Título: Puxava boi. Hoje produz 25 milhões de litros
Autor: Brito, Agnaldo
Fonte: O Estado de São Paulo, 15/04/2007, Economia, p. B8

Silvano Rodrigues Souza passou anos de olho no tacógrafo de um caminhão de transporte de gado. Foram centenas de viagens entre Campo Grande (MS) e a região da pecuária paulista. O maior surto de febre aftosa do País, em outubro de 2005 no Mato Grosso do Sul, fez minguar o ganha pão de Souza. O estado de sítio da pecuária na região interrompeu o trânsito de animais.

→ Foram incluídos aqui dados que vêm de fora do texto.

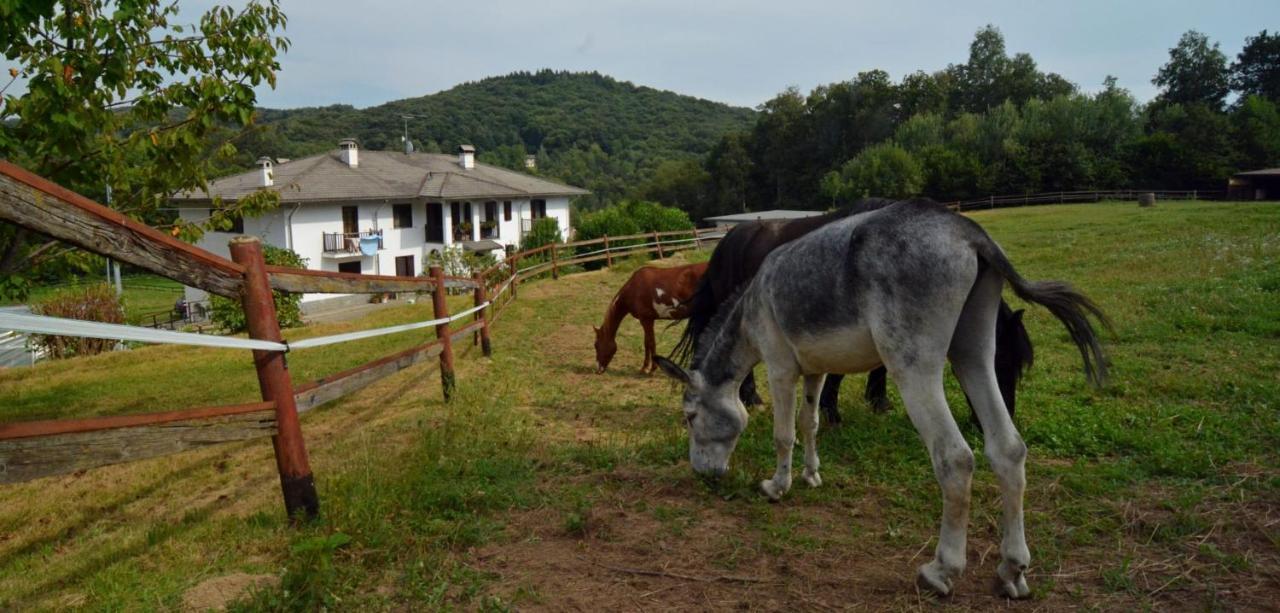 RueglioFavetto Family Ranch住宿加早餐旅馆 外观 照片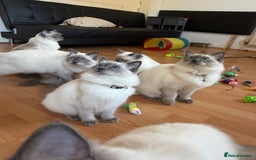 Ragdoll cats for sale: Ragdoll Kittens Looking for Their Forever Homes  - Image 1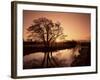 Sunrise Over the River Wey, Send, Surrey, England, United Kingdom-Roy Rainford-Framed Photographic Print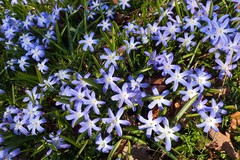 Scilla luciliae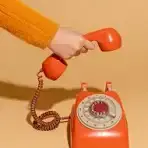 1773711604949.webp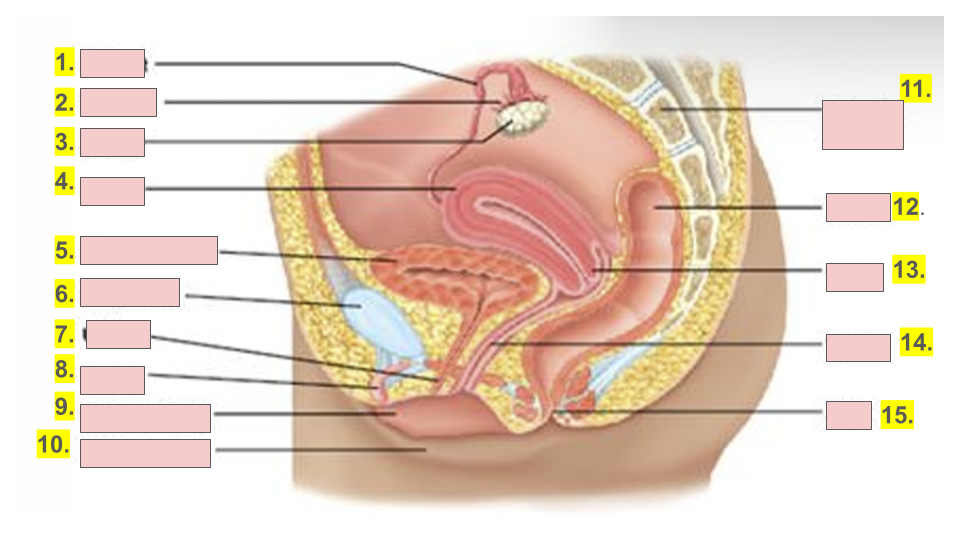 <p>8.</p>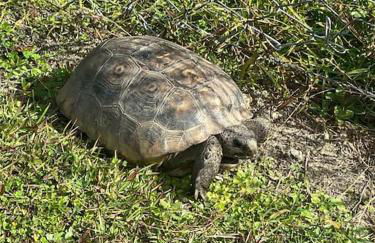 Professor Rousseau's Manatee Bay - Foto 23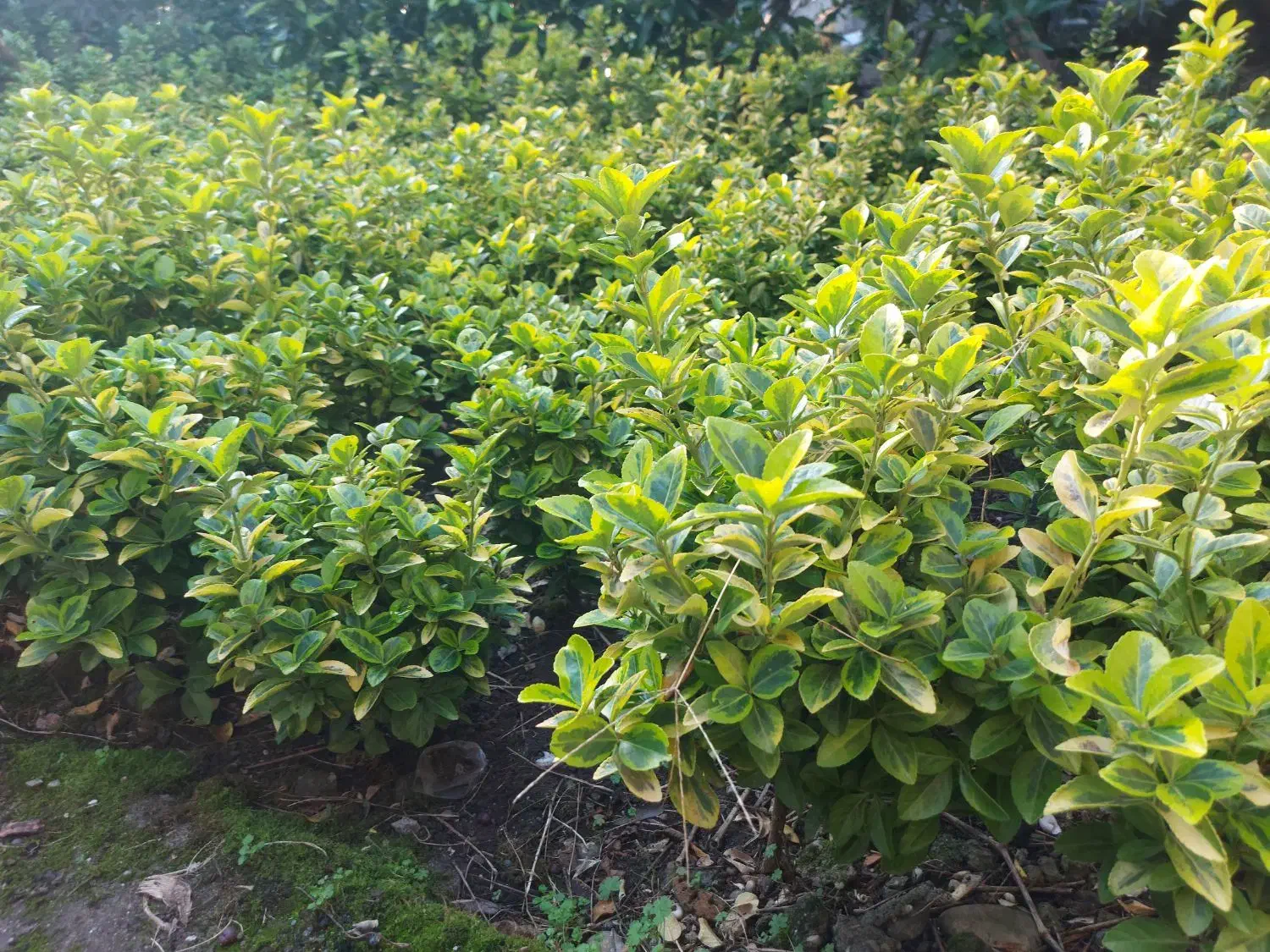 شمشاد طلایی زمینی|گل و گیاه طبیعی|رودسر, |دیوار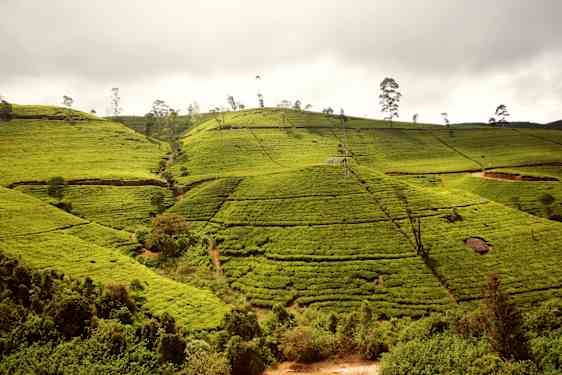 Sri lanka te plantage
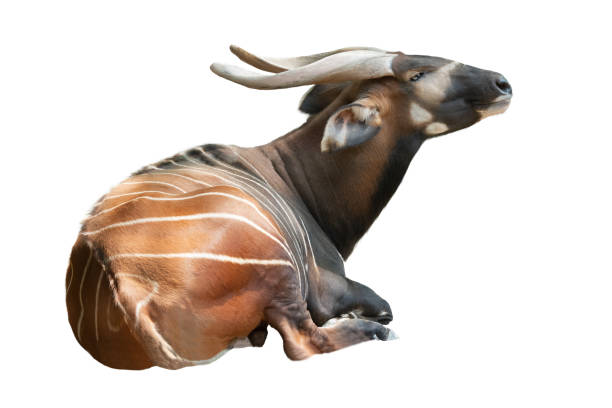 584 Bongo Animal Stock Photos, Pictures & Royalty-Free Images - iStock | Bongo antelope, Okapi, Cheetah 584 Bongo Animal Stock Photos, Pictures & Royalty-Free Images - iStock | Bongo antelope, Okapi, Cheetah
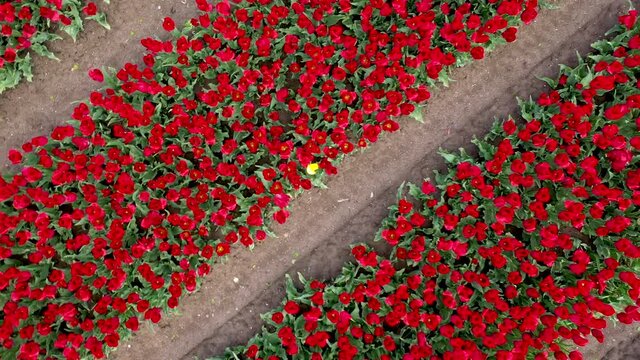 Colorfull tulip flower field from above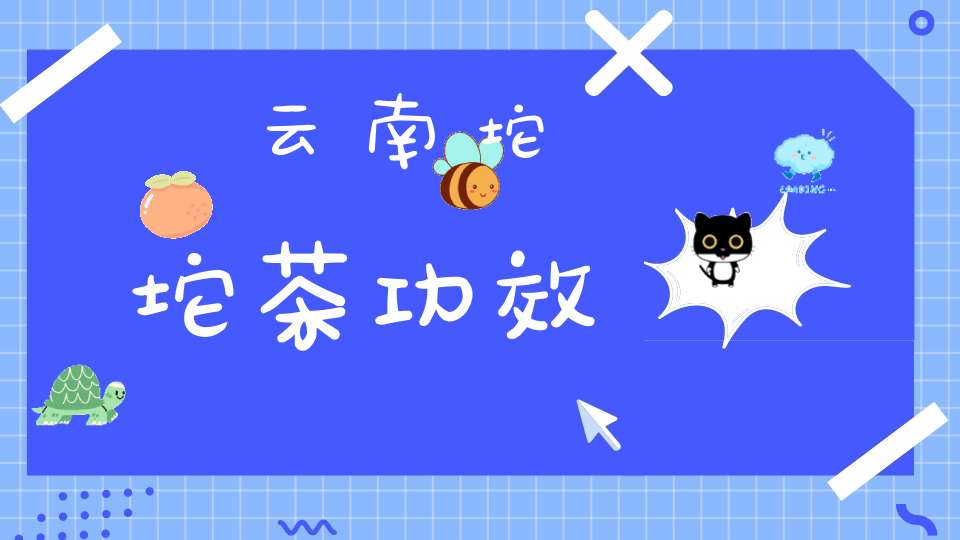 云南坨坨茶功效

Agora, Souza não tira o olho de quatro monitores nos fundos da sala de controle da Usina Continental, em Colômbia, região de Barretos. O ex-puxador de boi é agora responsável pela produção de 25 milhões de litros de etanol que neste primeiro ano da usina deverão abastecer carros bicombustíveis ou ser exportados. É de Souza a missão de controlar remotamente toda a produção de álcool da usina. 'A pecuária fraquejou. A cana é o futuro', confia. Ele se prepara para voltar ao banco escolar. Fará um curso superior de tecnologia sucroalcooleira.

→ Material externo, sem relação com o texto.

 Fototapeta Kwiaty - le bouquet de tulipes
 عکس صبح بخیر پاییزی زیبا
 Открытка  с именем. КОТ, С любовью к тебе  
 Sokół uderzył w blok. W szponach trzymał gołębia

Saudoso, Anilson Henrique da Silva cuida da energia da usina Continental. Ele joga bagaço de cana na caldeira, onde começa o processo de autoprodução de energia numa usina. A lida com gado embala os pensamentos deste mineiro: morador de Planura, Silva gosta de visitar os sítios dos colegas nos fins de semana, onde há sempre uma vaca com cria para tirar leite. 'Não quero esquecer o que aprendi', justifica. O sonho de Silva é ter algumas cabeças de gado. O dinheiro curto nunca lhe permitiu realizar o sonho. Sobre a revolução canavieira que lhe deu emprego, guarda desconfiança. Acha que o fim do ciclo do boi de corte pode, em algum momento, tornar o produto caro demais. Sem saber, Silva descreve um ciclo econômico recorrente.

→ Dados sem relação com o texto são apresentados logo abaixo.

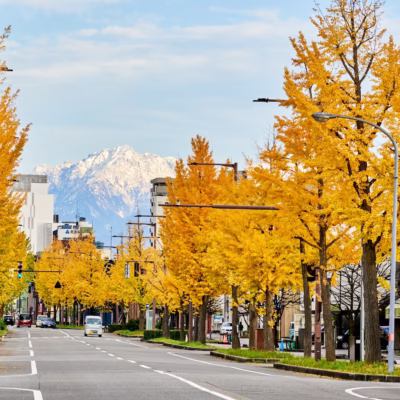 A golden ginkgo-lined avenue in Toyama City with the snow-covered Tateyama Mountains visible in the background.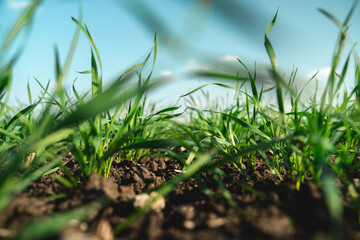 Green field grass in black ground against blue clear sky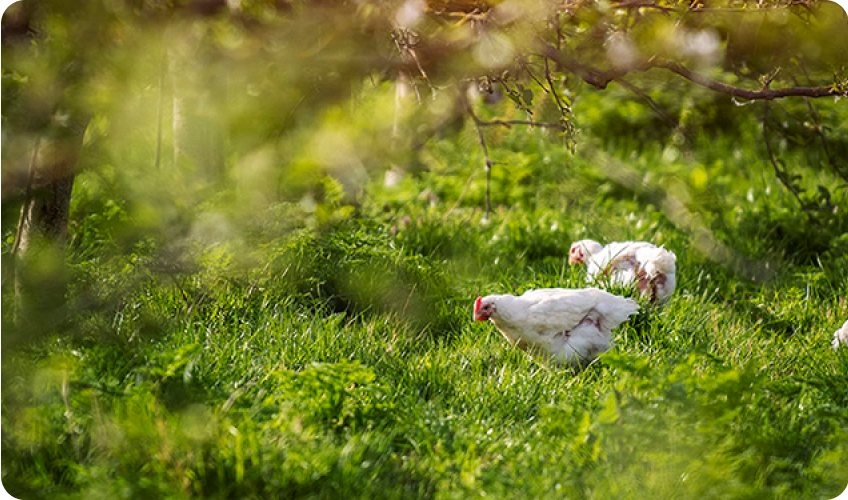 Free-range local New Zealand chickens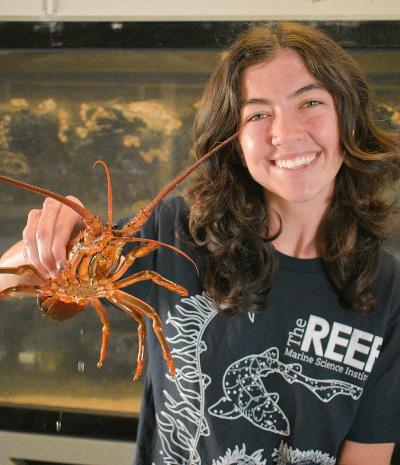 Katie Vick holds a spiny lobster at The REEF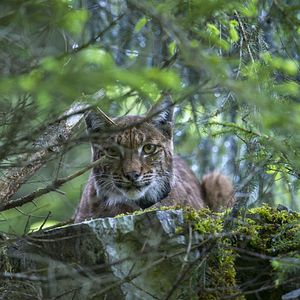 Photo Lynx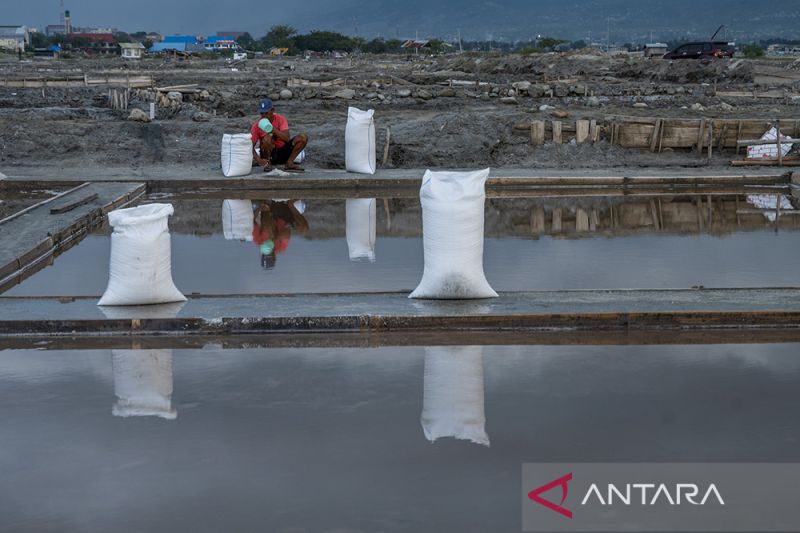 Penurunan Produksi Garam Akibat Anomali Cuaca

A cana que muda a geografia do interior paulista muda a vida de muita gente. Carlos Humberto de Carvalho era peão. Nos novos tempos cuida da parte agrícola da fazenda Continental. É o responsável pelo plantio e o corte. Saudades? 'Olha, meu amigo... Deixa pra lá.' Mas os bilhões que irrigam o setor sucroalcooleiro trouxeram salários maiores. 'A diferença entre um administrador agrícola da cana e outro da pecuária chega a ser de 50%', diz Lázaro Miguel Fernandes, administrador da Continental.

Na Fazenda Continental, Swamy Borges Gouveia é um dos poucos que sobraram na região. Peão desde sempre, Gouveia trata um rebanho de estrelas de leilão da raça brahman. 'Sou privilegiado', brinca. Montado em seu cavalo, toca o rebanho pelo resto de pasto das imensas glebas do interior paulista. Um tipo, por força das mudanças econômicas, cada dia mais escasso.